For a film entitled ‘The Lovely Bones’, you never actually see any bones. Instead you get some philosophical metaphor about bones growing around relationships, or something, from a girl trapped in a fantastical limbo before ascending to heaven.
‘The Lovely Bones’ is actually a rather good film, though. Peter Jackson, of course, manages to piss off the book lovers by apparently butchering Alice Sebold’s image of a midway holding pen for the dead by once again whoring out New Zealand and adding lots of massive CGI boats in glass bottles, and weird coexisting night and day optical illusions, but at least the entire film isn’t a huge show off.

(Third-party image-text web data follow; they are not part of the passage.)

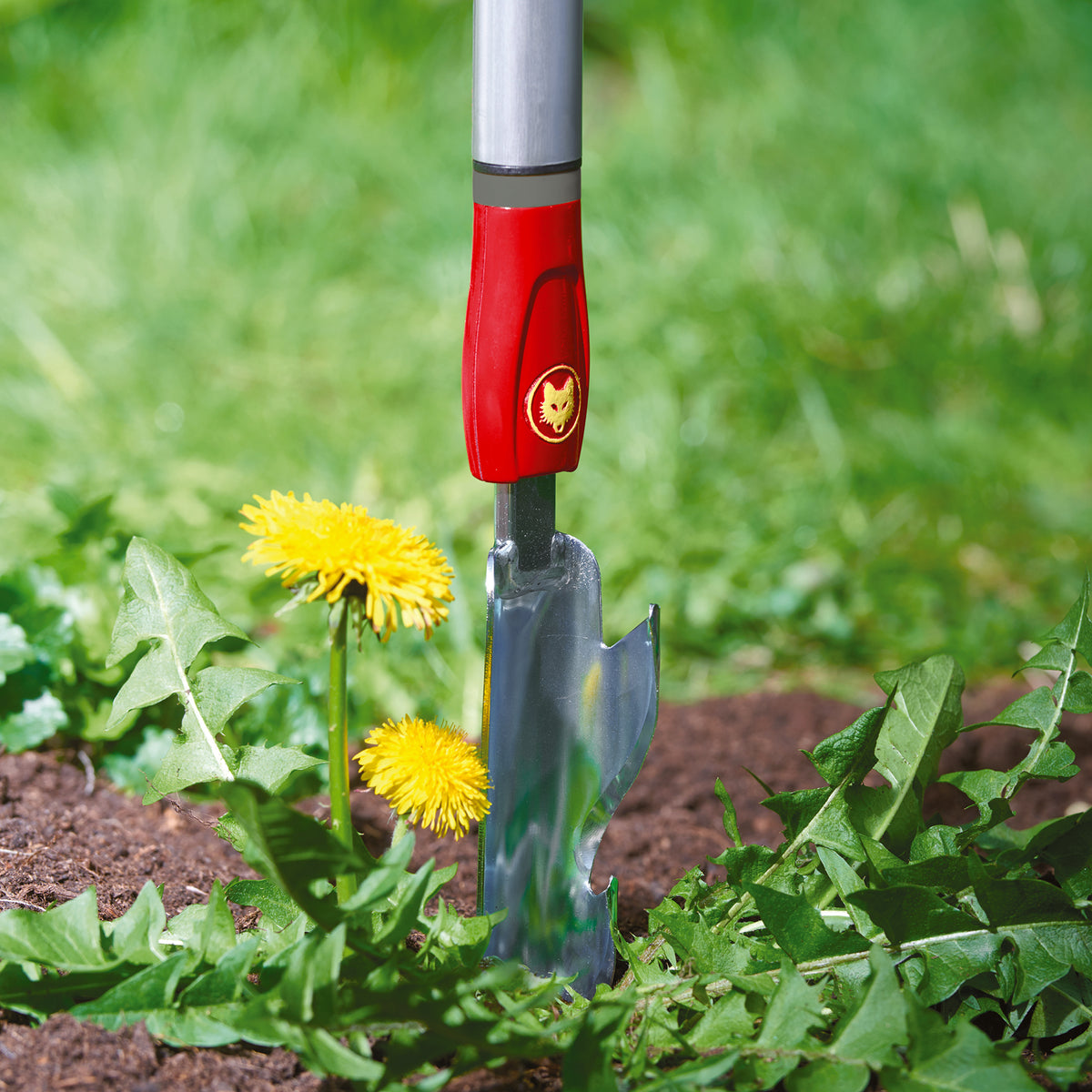 Multi-Change® Weed Extractor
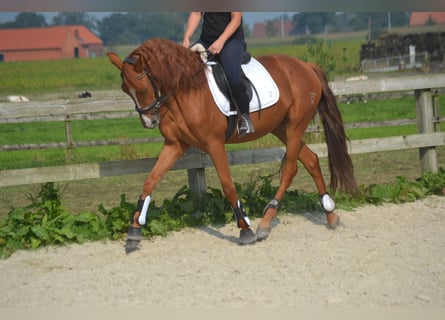 Otras razas, Caballo castrado, 5 años, 162 cm, Alazán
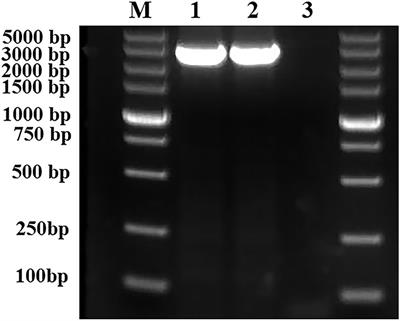 Rcs phosphorelay affects the sensitivity of Escherichia coli to plantaricin BM-1 by regulating biofilm formation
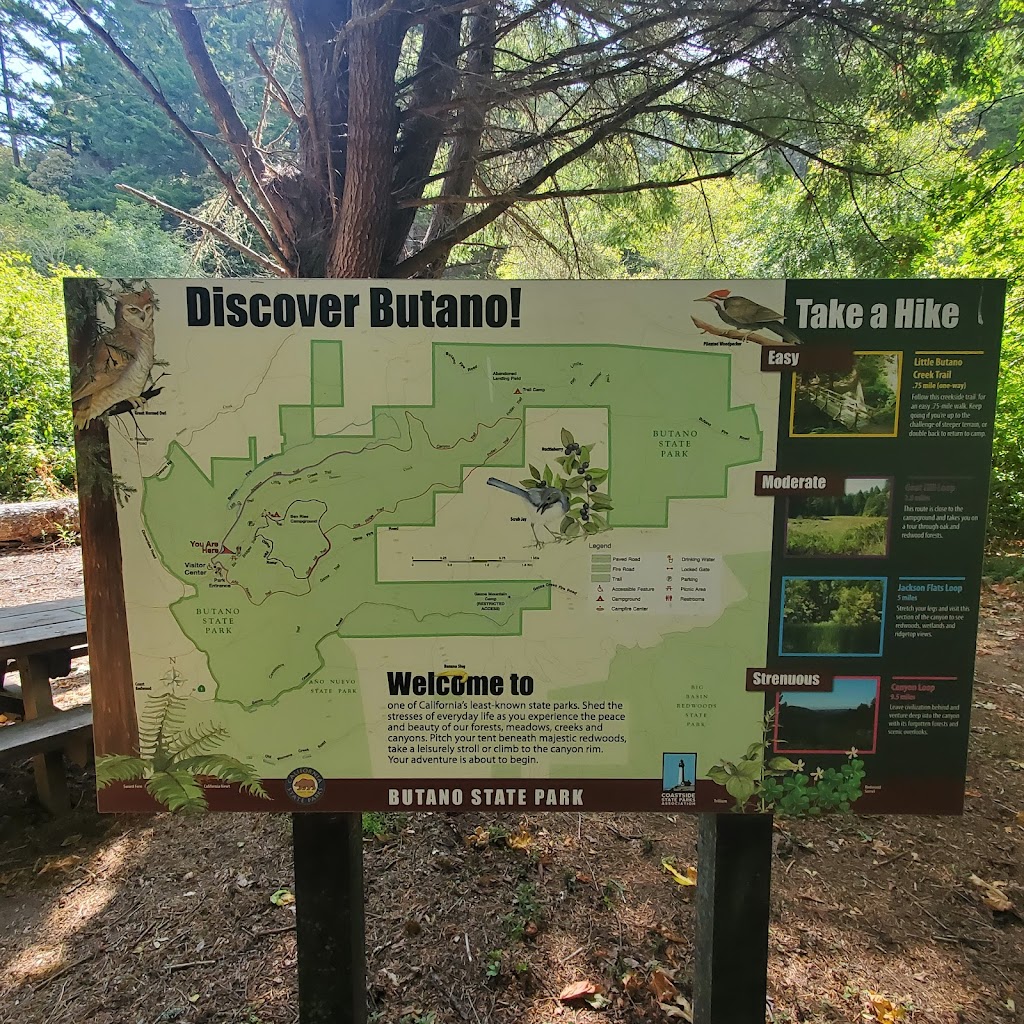 Butano State Park | 1500 Cloverdale Rd, Pescadero, CA 94060, USA | Phone: (650) 879-2040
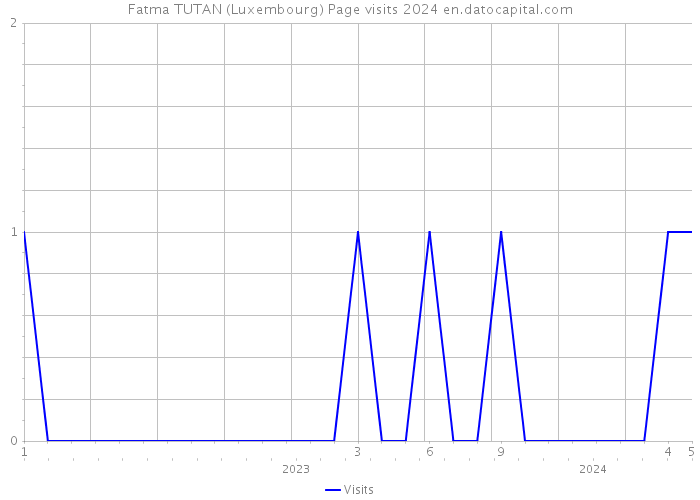 Fatma TUTAN (Luxembourg) Page visits 2024 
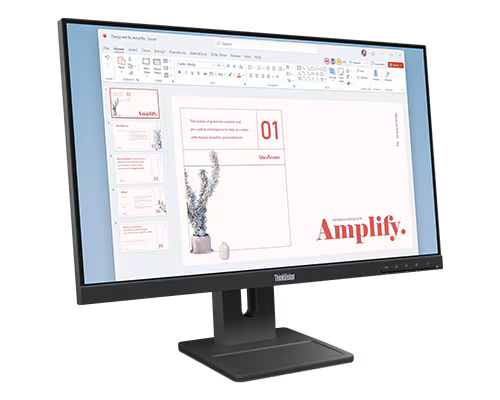 Lenovo 64BAMAR1AU ThinkVision E24-40 100Hz Full HD Anti-Glare IPS Business Monitor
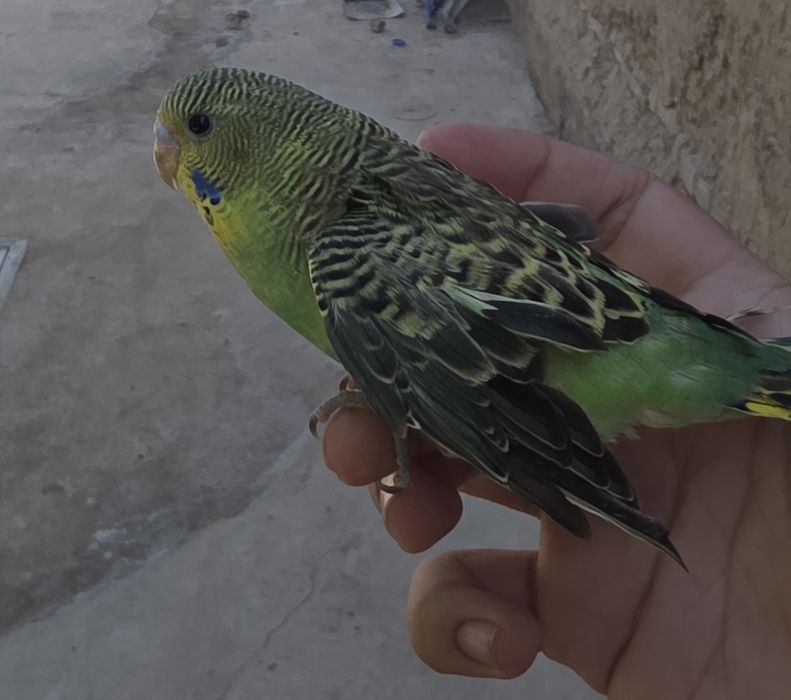 To‘tiqushlar sotiladi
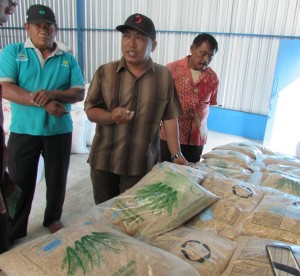 Didampingi PPL Kec. Gemolong Suyono (kanan) Harjanto menjelaskan bahwa Gapoktan Ayem Tentrem juga sudah berhasil membudidayakan benih unggul untuk kebutuhan petani di sekitar Sumber Lawang dan daerah lain (Foto:sembada/rori)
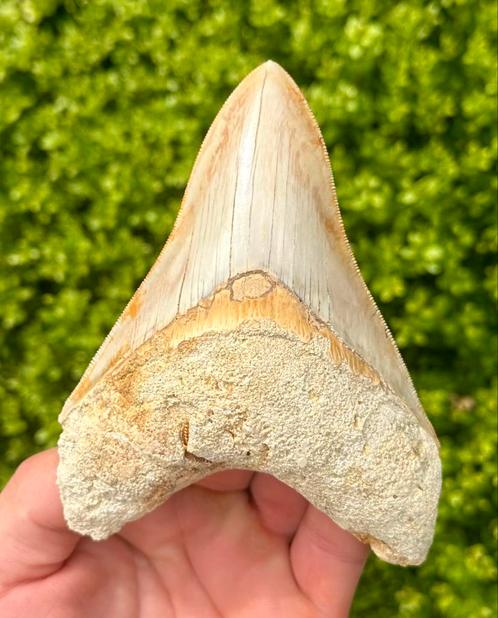 Megalodon tand, Verzamelen, Mineralen en Fossielen, Fossiel, Verzenden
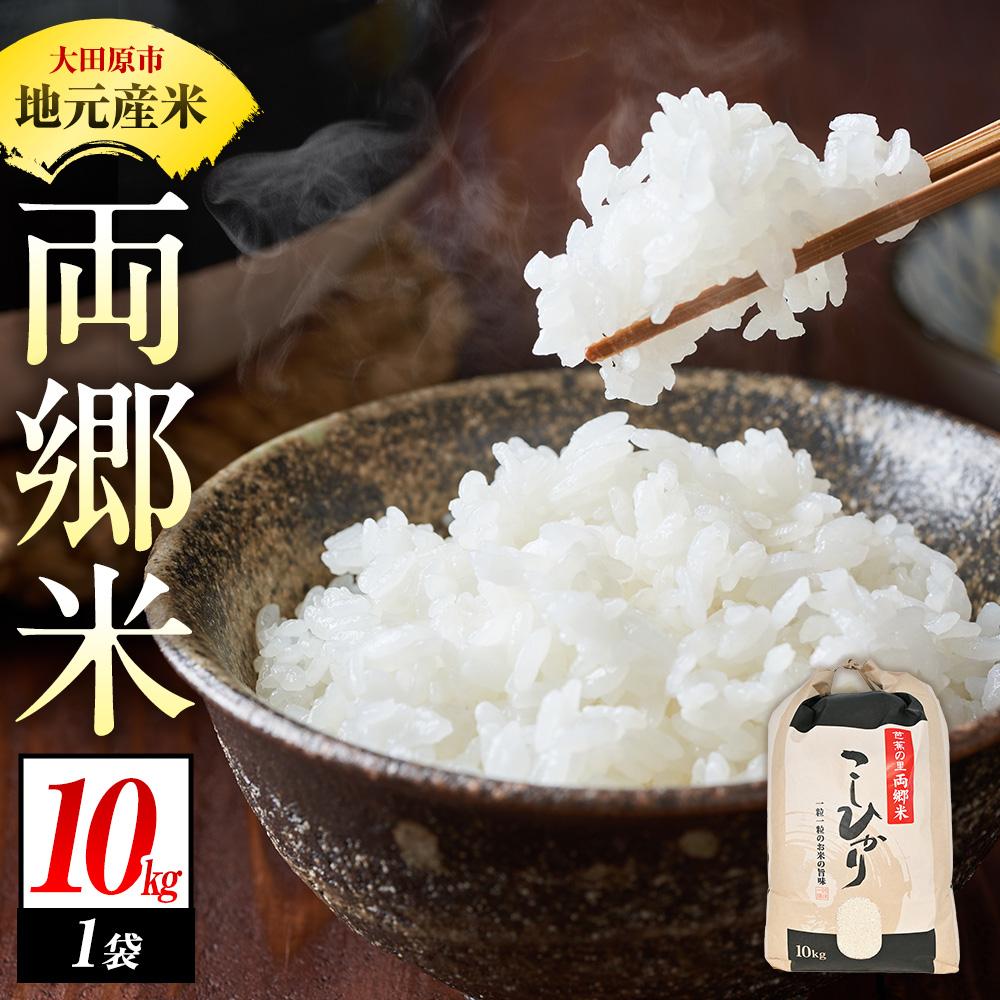 【ふるさと納税】地元産 両郷米 10Kg ×1袋 ｜ 新米 お米 コシヒカリ こしひかり 栃木県 大田原市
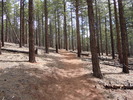 photo thumbnail #1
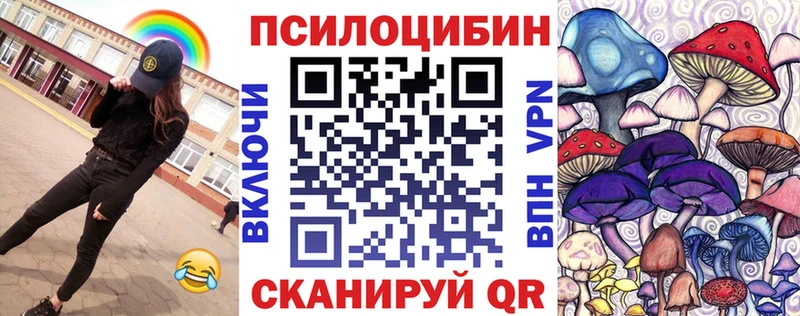 Псилоцибиновые грибы Psilocybe Луза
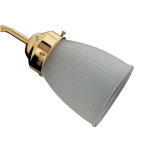 Frosted Side Glass Shade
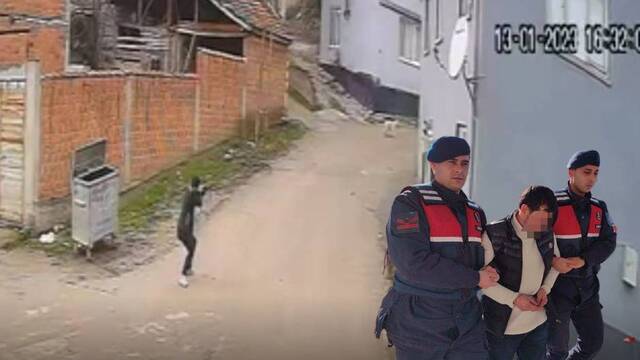 Sokak köpeğini öldüren kişi, bu kez tutuklandı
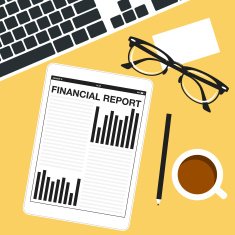 Financial report N8
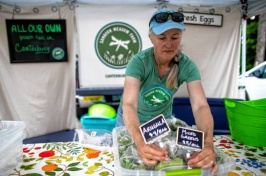 Image of a person running a stand at a local farmer's market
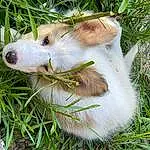 Plant, Virginia Opossum, Rodent, Dog breed, Carnivore, Grass, Whiskers, Fawn, Felidae, Terrestrial Animal, Hamster, Sheep, Livestock, Marsupial, Common Opossum, Mustelidae, Small To Medium-sized Cats, Goats, Mouse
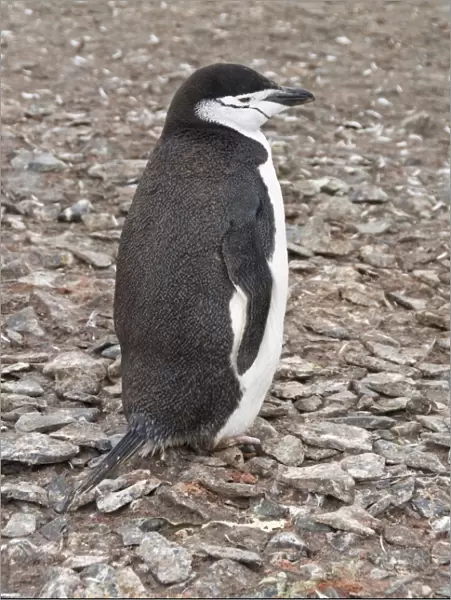 Chinstrap penguin, Hannah Point, Livingstone Island, South Shetland Islands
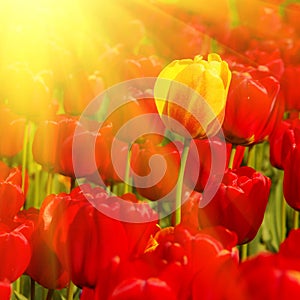 Sunny field of tulips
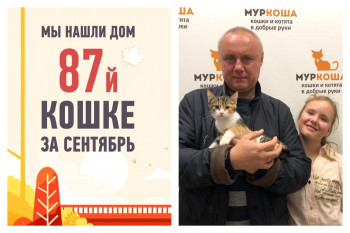 У крошки Бенисы появилась семья!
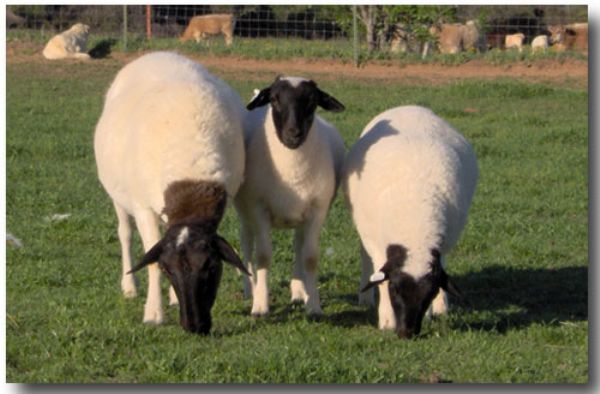 2007-12-27-Dorper-Sheep.jpg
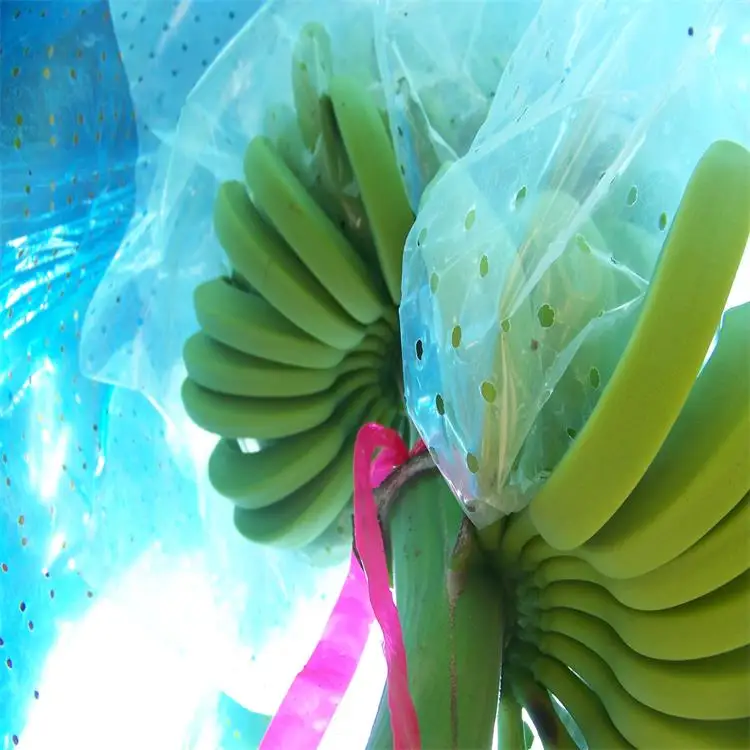 Blue Plastic Banana Protect Cover Bag Buy Plastic Banana Protect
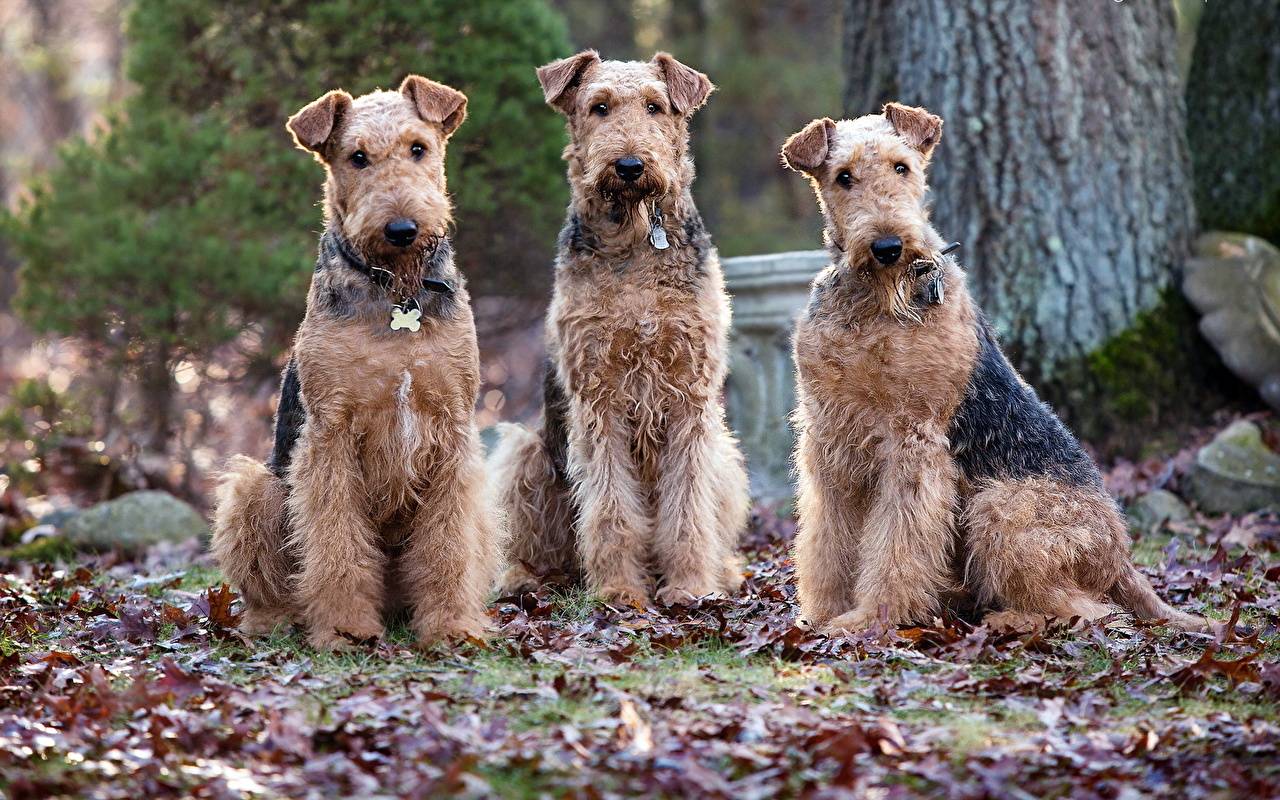 Image Airedale Terrier dog Animals 1280x800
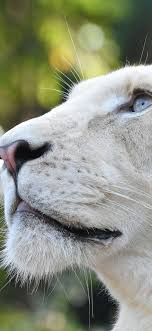 white lion wallpapers and backgrounds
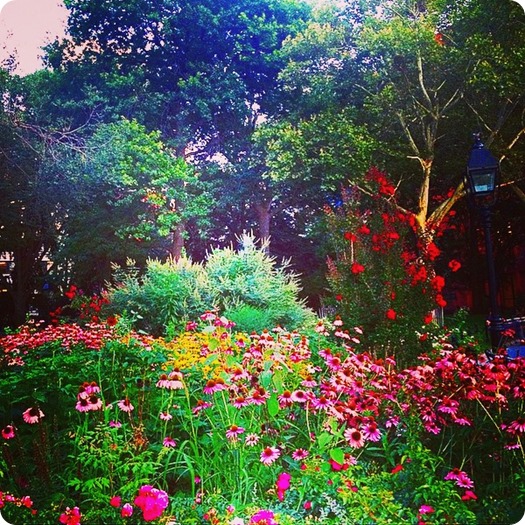 Washington Square Park NYC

Instead, it is in fact an incredibly tense and moving experience. It begins with a very rosy, yet not too sickening portrayal of the perfect 70′s family, as Susie Salmon (Saoirse Ronan) dubs a voice over explaining that she is about to be horribly murdered. Then, when she gets horribly murdered, she is seamlessly transported to almost-heaven, as if she didn’t even notice being horribly murdered at all, and over looks her father falling to pieces, her family trying to cope with her death, and the boy she never got to kiss also feeling pretty damn sad.
The key to this film though, no matter how much the writers would like to have you think, is not it’s sentiment of love or it’s acceptance of death and so on, it is the amazing tension that builds in your every nerve.
Susie has just been killed, returns to to her home in the ghosty in-between world, walks through her door to her room, and comes across a massive white nothingness with only a bath tub present. Towards the bath are foot prints of blood and mud, and we notice that there is someone in there, their face covered by a flannel. A sink appears, the man takes the flannel off his face, and the killer wipes down his neck. Susie screams as he does so, and then she dissolves into thin air and it gone. This scene is about as creepy as you can get in a 12a, and the discomfort shakes you something primitive to your core.
Stanley Tucci as the murderer goes somewhat Godfather with puffed out cheeks, and throws on the most pedophile looking mustache that you initially wonder how he’s not prime suspect, but he’s so meticulous in his portrayal of a person pretending to be normal that you understand, while being completely petrified and disgusted. Mark Whalberg also doesn’t suck, which is a huge leap forward for him, and Saoirse is good at being dead. Her faint and wispy voice over could get annoying if you tried to have a conversation, but she also manages to be promisingly emotional and rather genuine.
Really though, the film is all about Peter Jackson. Although his direction is not solid throughout, and the aforementioned CGI scenes are somewhat masturbatory, the glimmers of what he can actually do are present in some of the simple shots.
For all his hobbits and giant monkeys, he’s gained the status of being a big picture director, creating overwhelming sequences designed to make your eyes crap amazement from their retinas. However, ‘The Lovely Bones’ exceeds when it’s still, when Harvey is creeping about the house, or when Marky Mark is staring at a candle. Ever so often you just get a sense that Peter’s getting slightly sick of being the New Zealand guy, and instead wants to be a proper, artsy director. One of those ones that Sundance likes. And why not, everyone should get to be a little pretentious now and then.